Built on a forested hillside, many stonework buildings had been reduced to rubble, house walls were pockmarked with bullet holes and there were mangled remains of cars on the roadside.
“We were forced to leave our homes. Now we have returned, all our houses and all of our belongings are destroyed,” said local resident Himatullah, 36, who only uses one name.
He recalled that when IS-K fighters first arrived, they forced residents to sit on bombs, then detonated them.
Another day, they beheaded a man accused of infidelity.
Even though the village now is free of IS-K, it will take time for residents to feel safe, and many are traumatised.
“Daesh have planted mines everywhere — in schools, clinics, people’s homes,” Himatullah said, using the Arabic acronym for IS.
According to an American defence official, Afghan military operations supported by US-led coalition air strikes set the conditions that have in recent weeks forced more than 1,400 IS fighters and their families to surrender.
Stalled talks between the US and the Taliban were aimed at striking a deal that would have seen the Pentagon pull thousands of troops from Afghanistan in return for various security guarantees, while leaving a counter-terrorism footprint in the country to go after IS-K and other jihadist groups.
In the years since 2015, IS-K proved resilient and resourceful, using tunnels to shelter from an aerial onslaught that famously included the US deploying an immense weapon dubbed the “Mother Of All Bombs” in 2017.
US military officials no longer detail IS-K’s force strength, but for years it was estimated between 2,500 and 4,000 fighters.
“We measure (the) Daesh threat in terms of intentions, capabilities and trajectory, not in numbers,” the defence official told AFP.
The official noted that while IS-K has been defeated in Nangarhar, pockets with the ability to carry out devastating attacks remain, and scattered elements will attempt to regroup.
“Bottom line, Daesh remains a threat — they have the will and intent to export terror outside Afghanistan,” the official added.
Herat Khan, an Achin tribal elder, said only about 10 per cent of families stayed in the district during IS-K’s occupation.

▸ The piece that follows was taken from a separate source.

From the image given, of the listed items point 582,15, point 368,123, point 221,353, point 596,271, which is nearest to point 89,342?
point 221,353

The government should “help us in reconstructing schools, houses, clinics and mosques,” Khan said, noting that perhaps thousands of homes had been reduced to rubble.
He said the jihadists remained in two places in Achin, but Afghan army Commander Najibullah said IS-K had been wiped out.
“The whole area has been cleaned of their fighters,” he said.
“They will not make a comeback and the residents of the area, the returnees, should continue their normal lives”.
Still, IS-K remains in Afghanistan, notably in Kunar province, which neighbours Nangarhar, as well as in the capital Kabul.